Whether we try to base this test on external structural characteristics or else on behavioral characteristics (which is in fact the approach of the traditional Turing Test), we find that mimicking or faking the appearance and behavior of a real human (or a real “worthy being”) in order to deceive the tester is a relatively achievable task. In all wars it is common practice to use “decoys” to distract enemy attacks and render them ineffective. The attacker has to discriminate in an ever shorter time interval whether the target in sight is a soldier or a dummy, a tank or a painted wooden crate, an innocent child used as a human shield or a humanoid pretending to be a child (which would then be a legitimate military target). In other words, robotic ethical programming cannot be made viable without first solving a computational “ethical dignity test” that discriminates beings worthy of respect from other beings, in a context where we can expect to encounter faking and deception at the very least.

Second Difficulty: Need to Foresee the Consequences of an Act

Our actions trigger a multitude of effects, some of which will occur in a more or less distant future. If only immediate effects are morally relevant, a killer robot could plan its actions in such a way that the death of the “target” will occur one week after it has made certain preparations, thereby evading responsibility for the act. If a week seems too short a time to us, shall we go for a month, or a year? Where do we draw the line?

To decide behavior in accordance with the First Law, a robot must be able to make a reasonably accurate prediction of the future. This prediction is difficult for many reasons, but especially because future events will be affected by the actions of the agent itself. Faced with the question, is this program harmful to humans?, an interesting recent work demonstrates, as a consequence of Rice’s theorem (Rice, 1953), that it is not possible to build a computational super-intelligence with a control strategy which forestalls evil on the part of others and which, at the same time, guarantees that it will not itself be harmful (Alfonseca et al., 2021). Like the “halting problem”, the harming problem is undecidable.

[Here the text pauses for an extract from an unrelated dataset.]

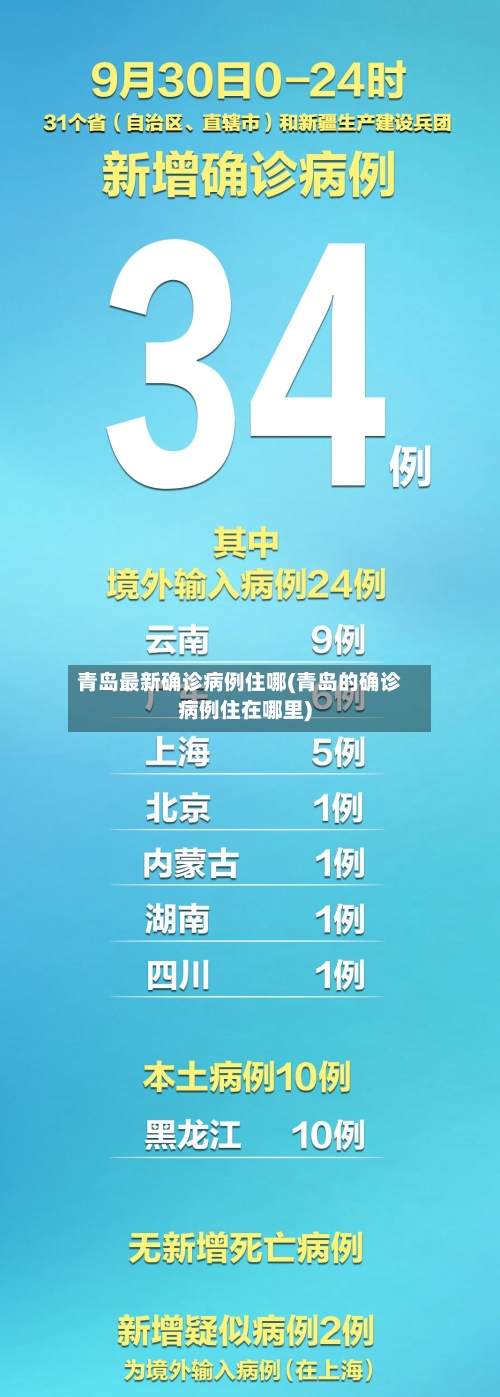 青岛最新确诊病例住哪(青岛的确诊病例住在哪里)-第2张图片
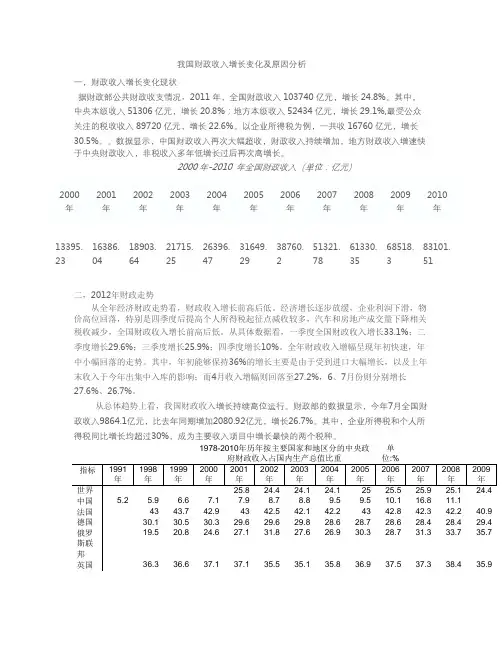 财政收入增长变化及分析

It is worth noting here that classical ethics, by contrast with consequentialism, does not face the same difficulty, for it places the focus of responsibility not on the consequences of acts, but primarily on the intentions which inform them (Anscombe, 1958). A reformulation of the First Law in more classical terms would be: “A robot may not intend to injure a human being or, through intentional inaction, allow a human being to come to harm”. Of course, strictly speaking, intention and consequence cannot be separated either: to act is to have the intention of producing consequences (Spaemann, 1982). But the shift of focus from the cognitively foreseen to the willfully intended is by no means negligible. What does it mean when we say that a robot has “intentions”? In other words, robotic ethical programming cannot be solved without first solving the problems of volition, intentionality and free will; in short, without solving the problem of subjectivity: of being a subject that knows and conducts him or herself—or itself.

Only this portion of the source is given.